Bloomberg did a quick comparison of forecasting among different major central banks of the world, I read it quite a while ago and will have to find it again for reference, and the Fed was in the last quintile of accuracy, meaning that its median estimates were correct less than 50% of the time. Now, I am not particularly sure how the Fed managed to beat the odds. Simply flipping a coin would be more accurate. And nobody has been fired. So where do I sign up for that job? I’ll just whip out my special mint Thomas Jefferson dollar coin and get right to work on improving the accuracy of Fed forecasting; though I suppose one of those zinc pennies would do in a pinch.
Seriously, though, with that kind of reliability rating, I am astounded that any of the policymakers at the Fed have any certainty that sending signals of tighter money to come, let alone acting upon it, is the right thing to do. I suppose it all depends on what they believe is the better condition of error. To err on the side of tight or on the side of easy. Having learned a painful lesson from the crash of 2008, I could think of plenty of reasons why erring on the side of tight is a really bad idea while erring on the side of maybe actually hitting the target or a bit above would hurt a lot less. Of course, who am I kidding? It’s not like they really care about the people they serve. Perhaps some harbor dreams of being on the cover of The Atlantic with the caption “Our Hero”, and being heralded as the savior of the financial system with few having a clue as to the nature of its demise.
I can recall all the harping on central bank credibility back in 2009-12, supposedly one of the reasons the Fed did not pursue a more appropriate policy stance during that period. And now I am thinking that it really has lost credibility in controlling inflation in whichever direction. So why can’t they either figure out how to live up to the chosen target and get serious about it or can the whole ridiculous inflation charade? It can’t be so hard to tell the truth – we tighten because we WANT to not because the economy needs it. It doesn’t matter if wages are rising or not, or whether productivity is falling. Nothing matters.
Oy! So here do I sign up for that job where nothing matters, I get a limo ride to work every morning and my very own police force at my command? Talk about punch bowls and extravagance… If the Fed is really that conservative of an institution, they should all self-deport.
PS: One other thing I have in my bag of tricks tonight is this David Beckworth post on monetary offset of changes in fiscal policy in Canada.
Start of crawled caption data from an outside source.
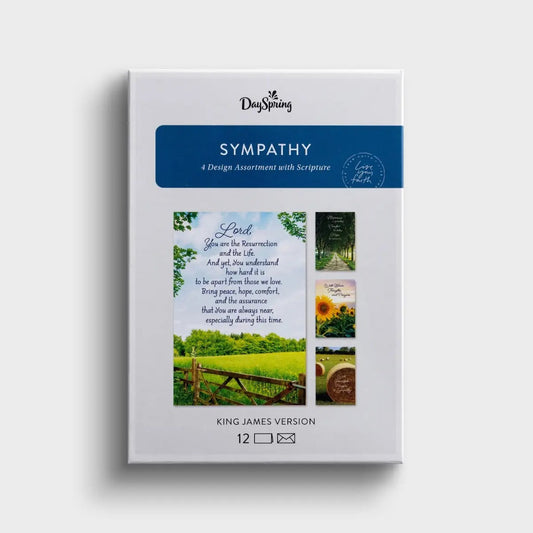 Sympathy - Fields of Comfort - 12 Count Boxed Cards and Envelopes, KJV - The Christian Gift Company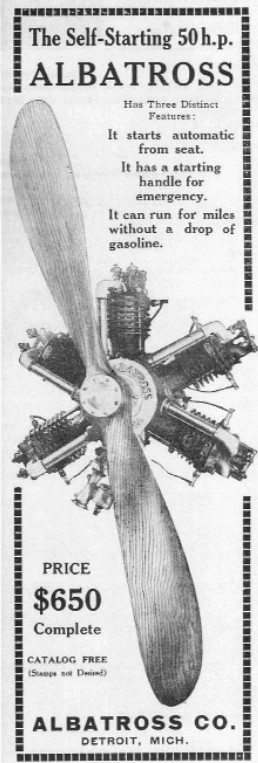 Albatross Co - 1911 advertisement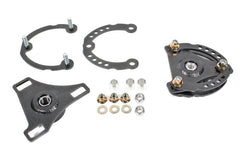 BMR Suspension - BMR 15 - 17 S550 Mustang Caster Camber Plates - Black Hammertone - Demon Performance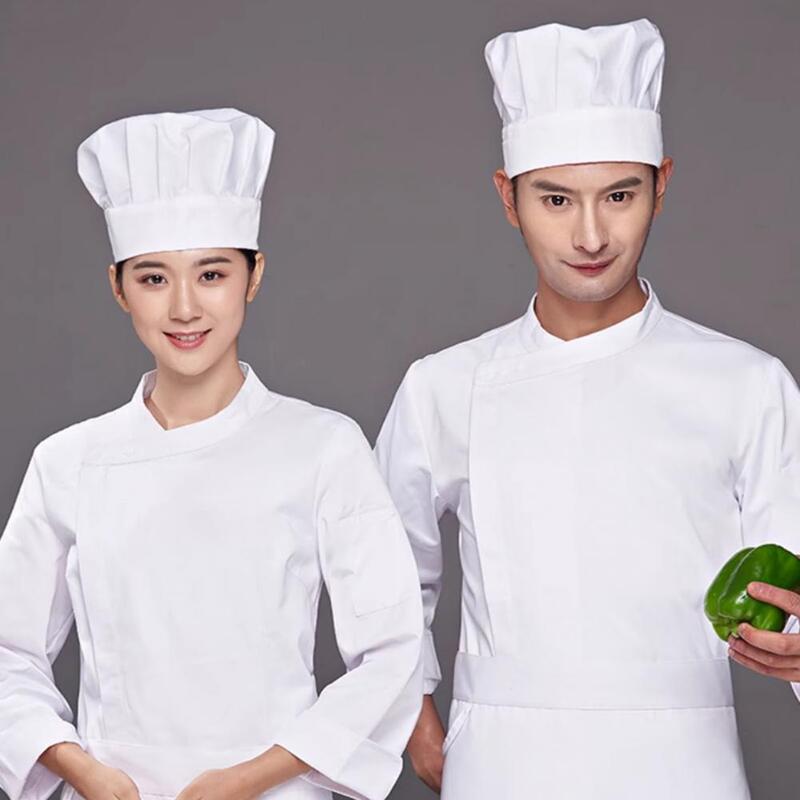 Unisex Solid White Professional Chef Hat, Cozinha Catering Costume, Perda de cabelo Ideal para cozimento e culinária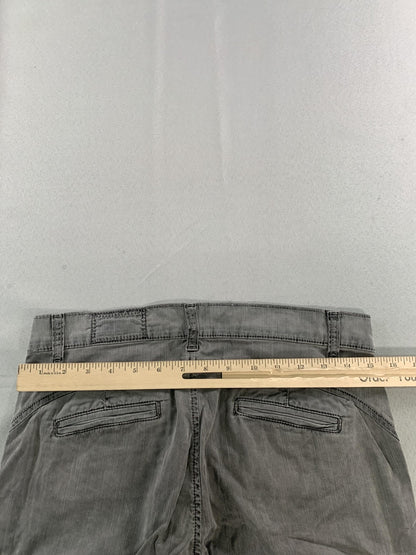 Siwy Jeans Womens 26 Gray Straight Leg Charcoal Wash Stretch Denim Casual USA on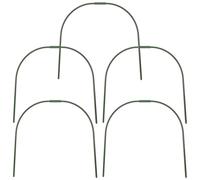 IMUSINICE 5pcs Green Poultry Run Tunnel Frame with Plastic Support Hoops for Outdoor Chicken Coop, Instant Assembly and Sturdy Design for DIY Poultry Run Tunnel Frame Setup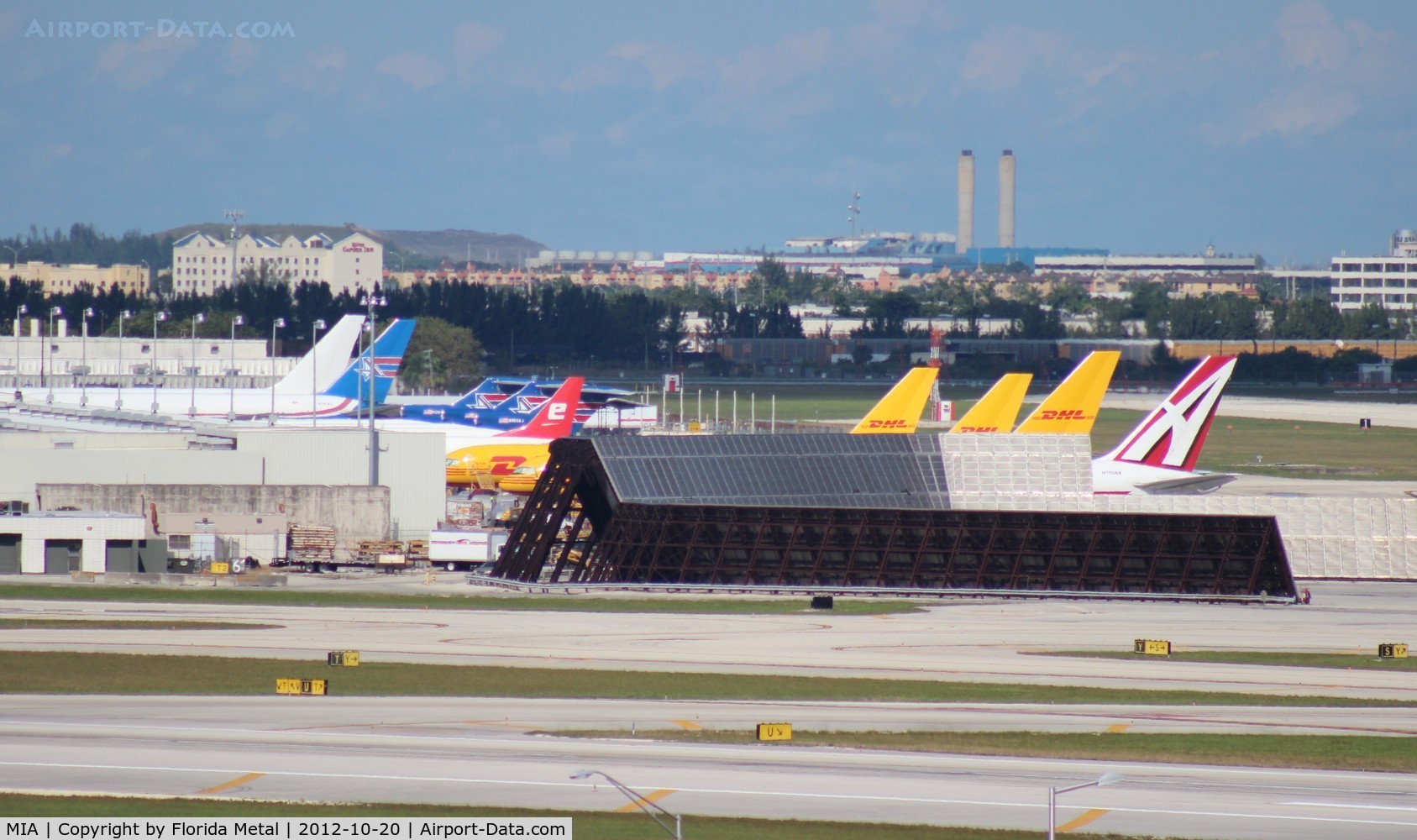 Miami International Airport (MIA) - Miami Cargo City with Amerijet, ATI, Estafeta, DHL and ABX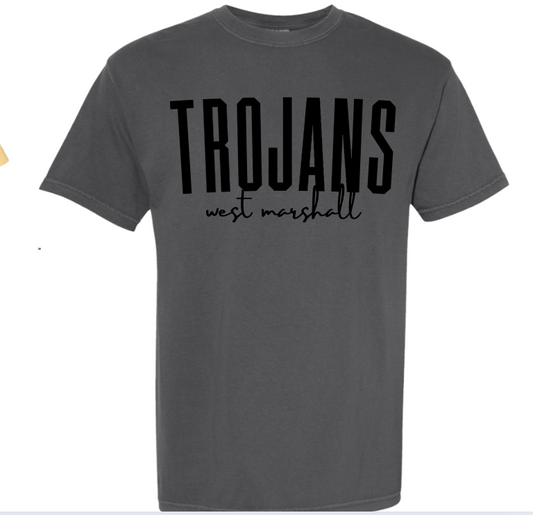 Pepper + Black Comfort Monotone Tee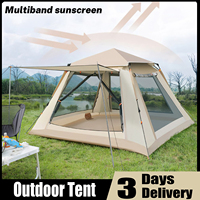 Outdoor Tent for Winter Fishing Camping Tent Travel for 2-4 Person Beach Tents for Camping Lightweight Equipment large spaceTent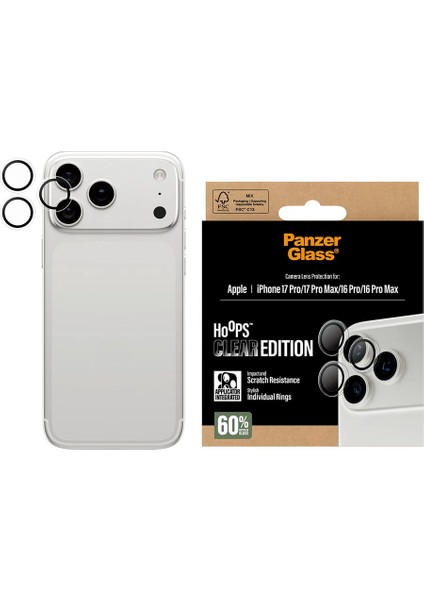 Apple iPhone 17 Pro Max Şeffaf Kamera Lens Koruyucu (Hizalama Aparatlı)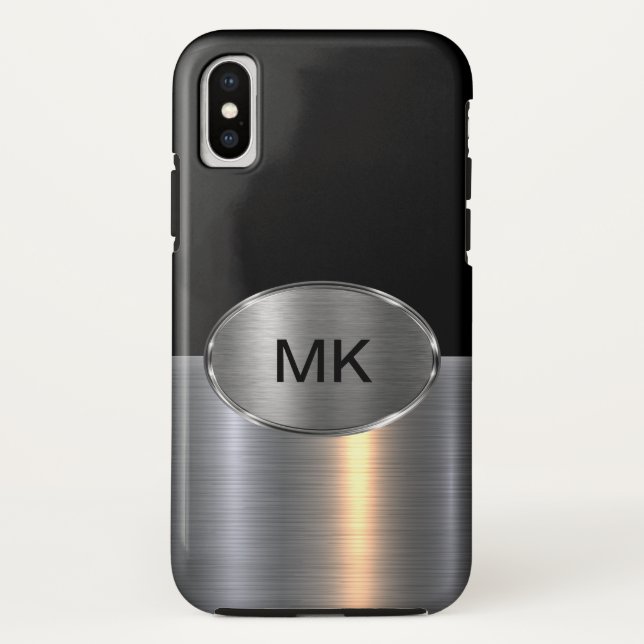 Cool Men's Monogram Modern Case-Mate iPhone Case (Back)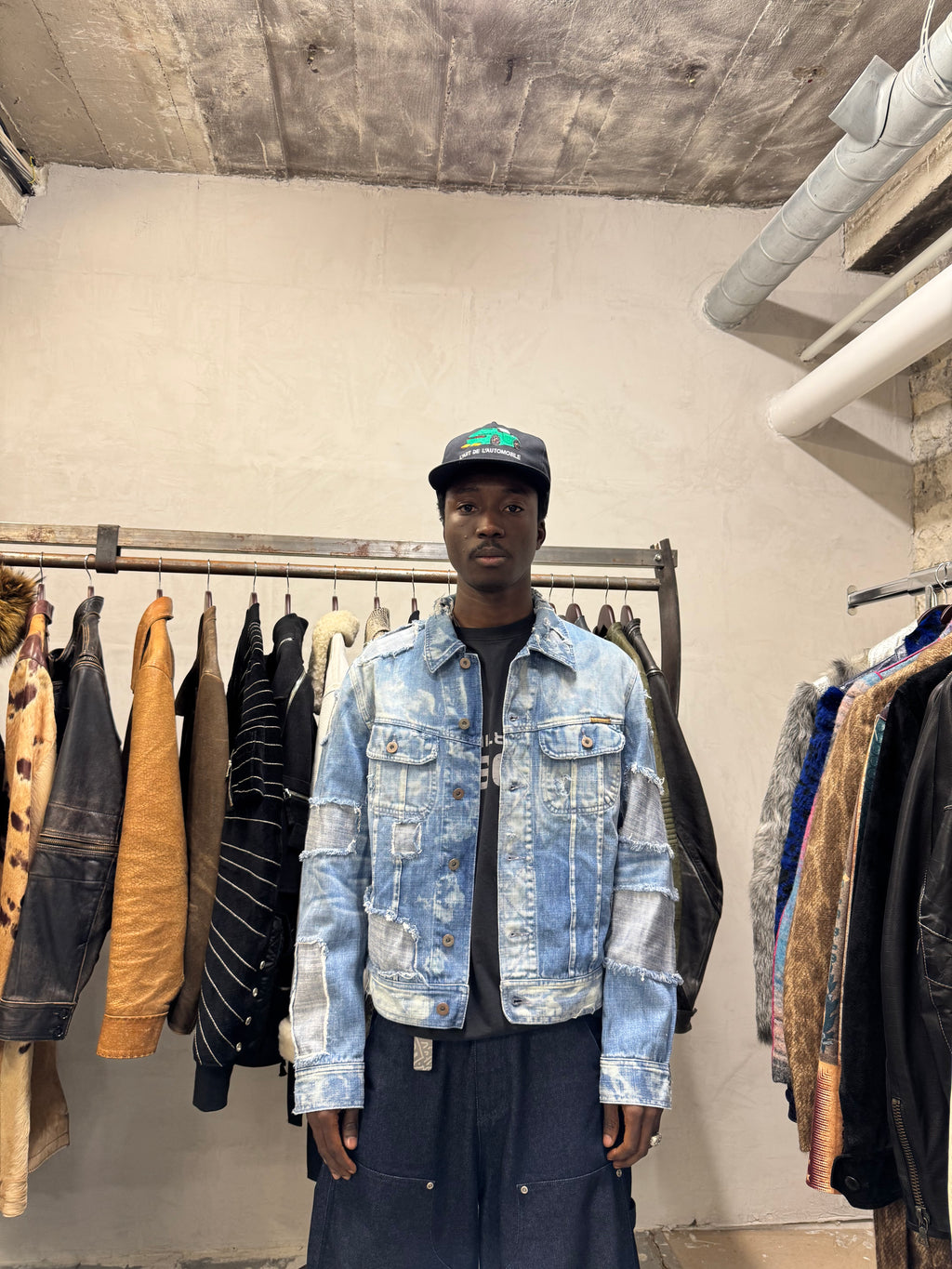 AW2004 Dolce & Gabbana Distressed Denim Edgy Jacket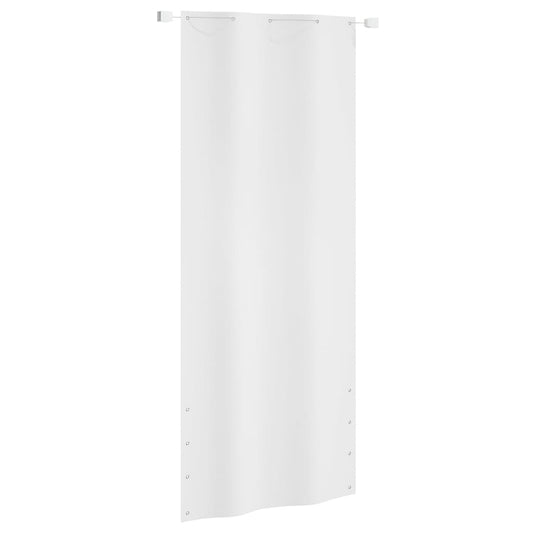 vidaXL Balcony Screen White 100x240 cm Oxford Fabric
The posts is accompanied by a really nice graph of Canada’s period of austerity in which the Bank of Canada PERMANENTLY expanded the base to offset. Now, just suppose that the purpose of QE3 was to offset the changes in fiscal policy. What happens then, when that offset is NOT permanent – as we can pretty well surmise to be the case in the US with policymakers in quite a rush to shrink the balance sheet to more “normal” levels? So yeah. What happens when they undo QE3?